Problem details: Your copy should repeat the data that follows exactly and contain no image.

Input data:
——

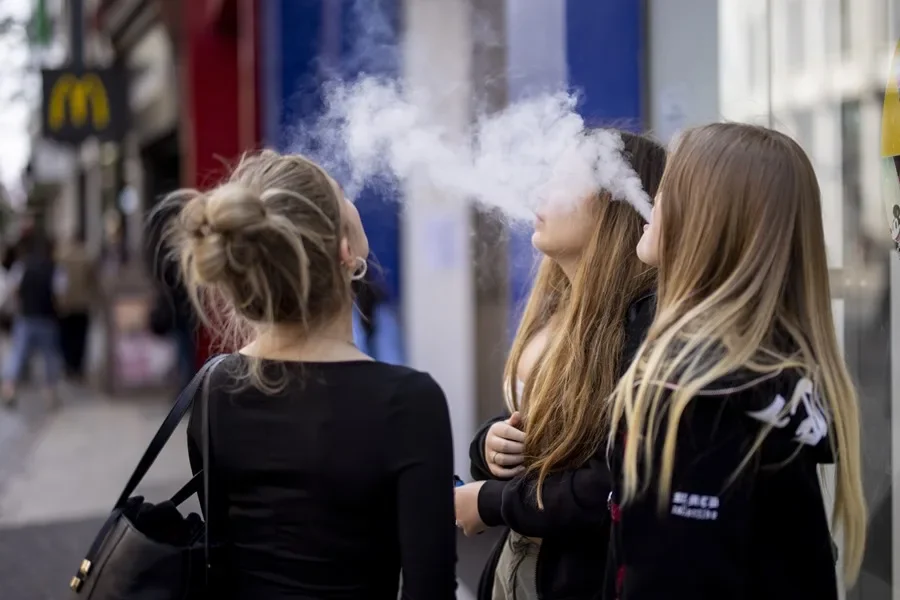 Nueva York anuncia una «gran acción penal» contra la venta ilegal de cigarrillos electrónicos
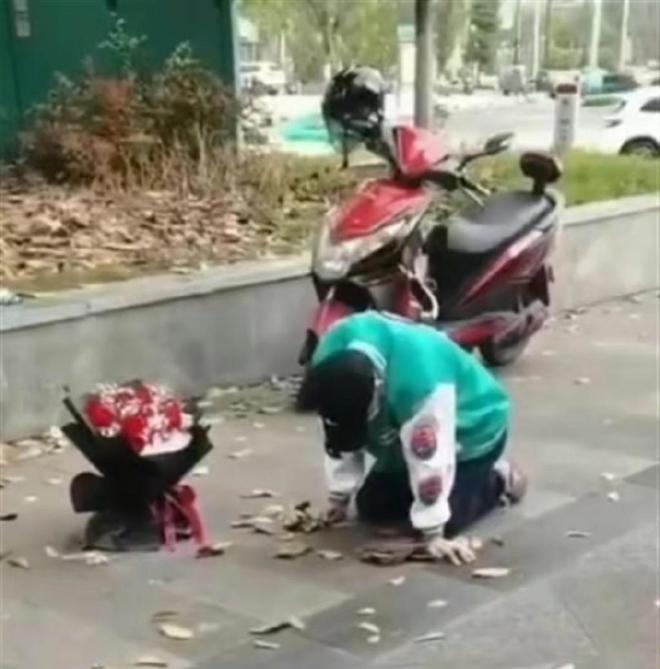 久久只精品99品免费久 久久久让品质生活触手可及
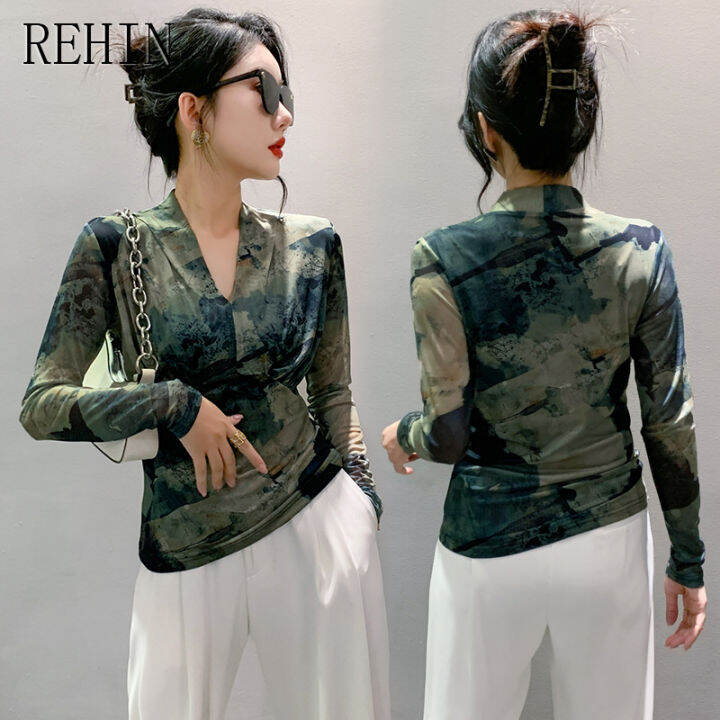 rehin-2023เสื้อผู้หญิงคอวีพิมพ์ลายปะผ้าตาข่ายแฟชั่นอัดพลีทเสื้อดีไซน์อินเทรนด์ฐานเข้ารูปพอดีสำหรับฤดูใบไม้ร่วงเสื้อยืดแขนยาว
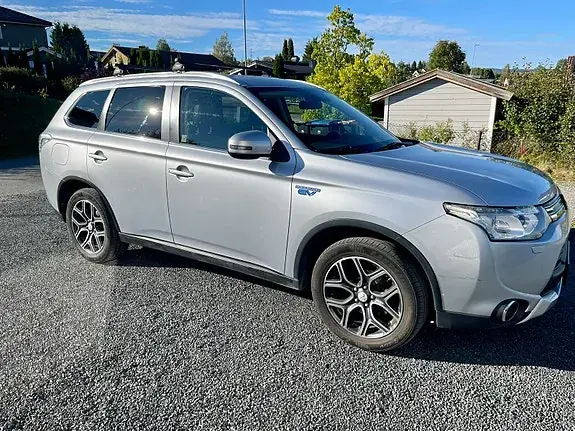 Mitsubishi Outlander 2016 photo 2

——

Answer space:
 Nueva York anuncia una «gran acción penal» contra la venta ilegal de cigarrillos electrónicos
 久久只精品99品免费久 久久久让品质生活触手可及
 rehin-2023เสื้อผู้หญิงคอวีพิมพ์ลายปะผ้าตาข่ายแฟชั่นอัดพลีทเสื้อดีไซน์อินเทรนด์ฐานเข้ารูปพอดีสำหรับฤดูใบไม้ร่วงเสื้อยืดแขนยาว
 Mitsubishi Outlander 2016 photo 2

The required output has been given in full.